When organizations have limited to no relevant expertise, XDR requires organizations to make significant investments in advanced security talent to cover 24/7 threat detection, investigation and response. Although XDR can be a force multiplier for organizations without a SOC or only staffing a lean security team, effective detection and response requires human insight and specialized expertise that many organizations lack.

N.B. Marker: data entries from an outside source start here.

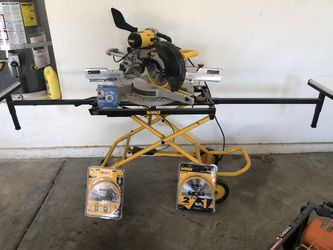DeWalt Compound Mitre Saw And Stand 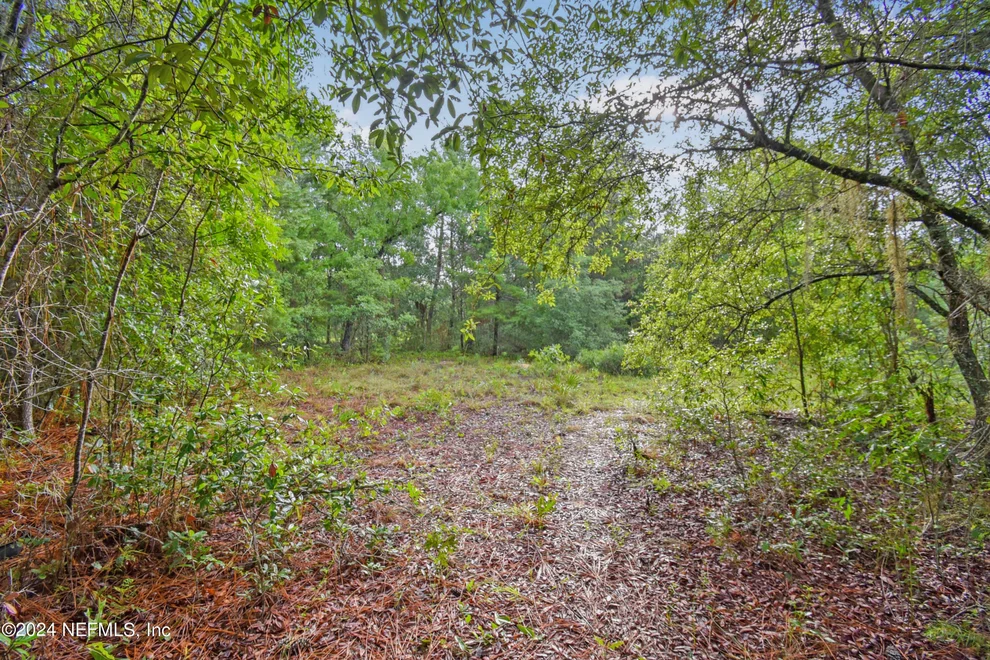 Unit for sale at 132 KENNEDY Avenue, Interlachen, FL 32148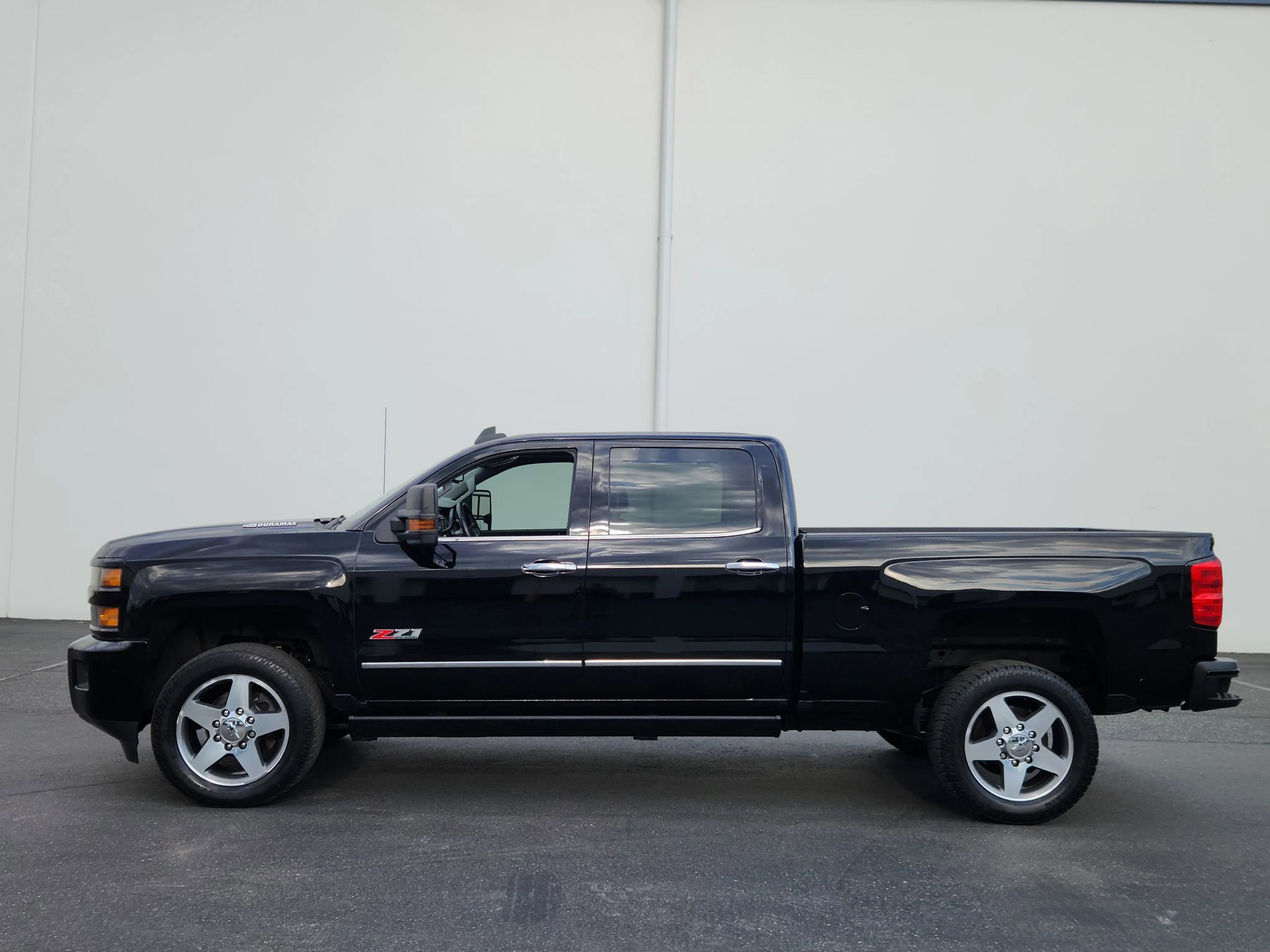 Used 2016 Chevrolet Silverado 2500 LTZ w/ Duramax Plus Package AWD/4WD image 2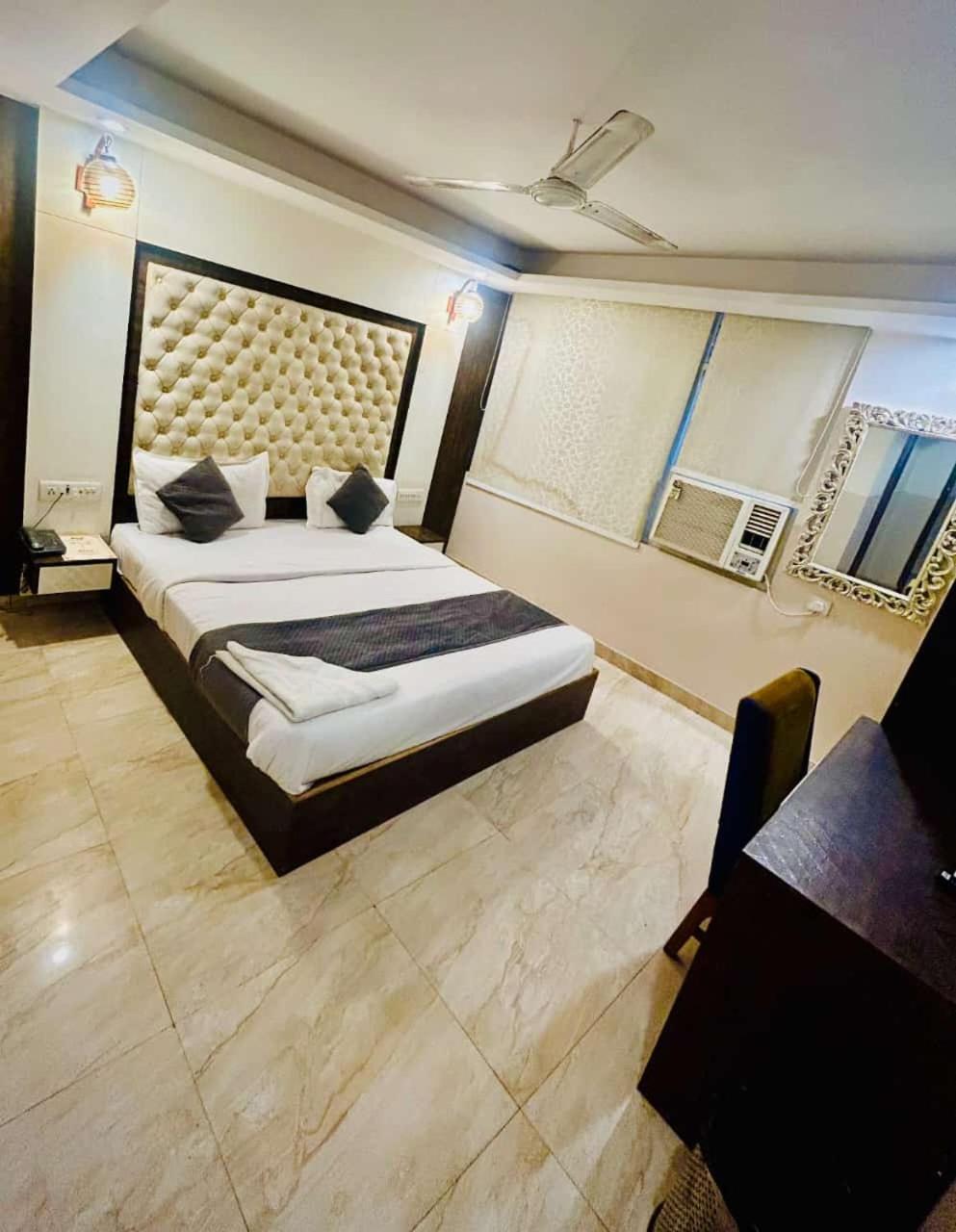 Hotel Airport City New Delhi Exterior photo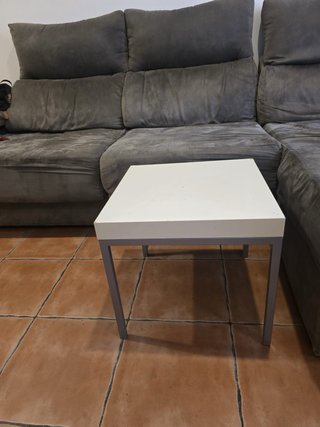 Mesa Ikea blanca. Ideal para el salón o hacitación
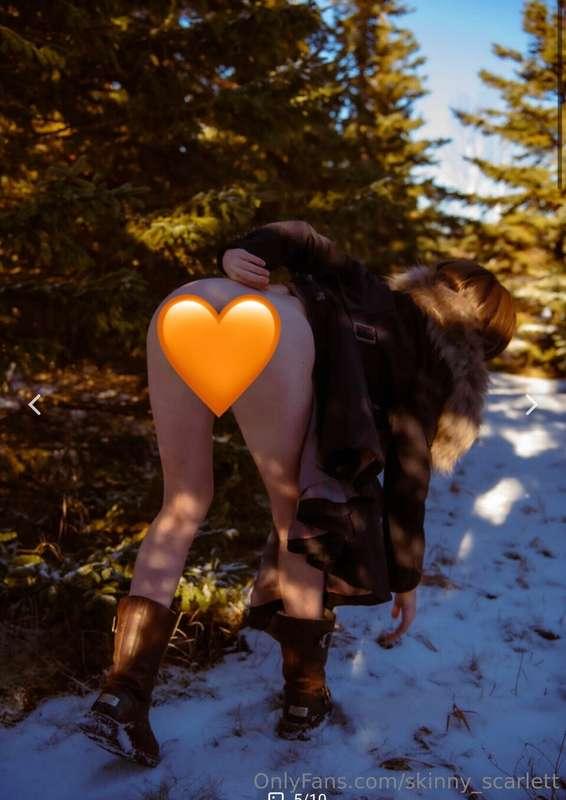 🥵 **EVEN SPICIER** photos from going out in the woods nude u..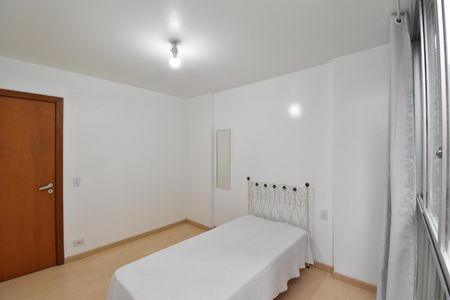 Apartamento para alugar com 100m², 3 quartos e 1 vagaQuarto 2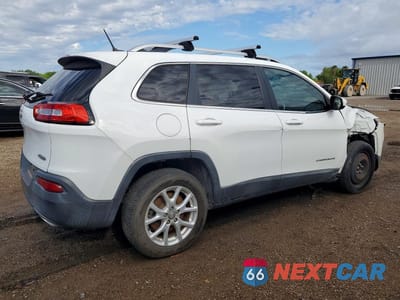 Trzecie zdjęcie samochodu z tyłu: 2015 JEEP CHEROKEE LATITUDE VIN:1C4PJLCS5FW539570 - miniatura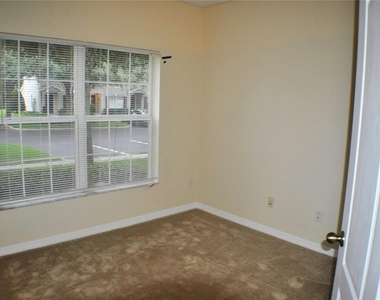 15922 Fishhawk View Drive - Photo Thumbnail 2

XDR left the door open as they focus on a different path to XTD
Considering the prevalence of product-centric XDR approaches, the motivation of XDR vendors will inordinately focus on first strengthening threat efficacy as extended threat detection (XTD) to anchor its existing security portfolio in the customer’s environment. A deeper relationship is a stickier relationship and XDR vendors will focus on pre-integration to capture data telemetries in a single pane of glass as a defence against a best of breed approach. To alleviate the skills gap, managed detection and response (MDR) services that provide monitoring and alert triage are becoming popular and are increasingly being offered by the EDR/XDR solution providers themselves rather than through partners. Whilst this anchors traction for their detection technology stack, it becomes a disincentive to build product innovation that will canabalise their lucrative expert-centric service supporting response and remediation. This leaves a white space for emerging startups to build a truly AI-powered, automated response endpoint product. To be fair, automation can fail in practice: machine learning models are trained on historical data and use correlations to make decisions about new incidents. For this reason, they are not foolproof against future attacks and can both create false positives and miss zero-day attacks. A different thinking may be needed : one that goes beyond current behavioural analysis of commercial malware to deeper forensics investigation capabilities of complex, state-sponsored attacks. This drives the ML approach and architecture needed to construct endpoint environmental artefacts and anchor contextual evidence that will ultimately deliver true automated response and remediation. In this aspect, the unfair advantage goes to countries with inordinate experience with complex, state-level attacks and a strong military cyber defence program. Besides Israel and U.S, it will bode well for venture investors to also start tracking emerging next generation EDR startups from Taiwan and South Korea.
Primary research through interviews with startup founders and investors. Secondary research through startups’ public domain information and analyst reports from 451 Research, ESG, Gartner, IDC, Pitchbook & Ponemon Institute. Startups covered : CyCraft (Taiwan), Crowdstrike (U.S), Cyberreason (Israel), SentinelOne (Israel), FireEye (U.S).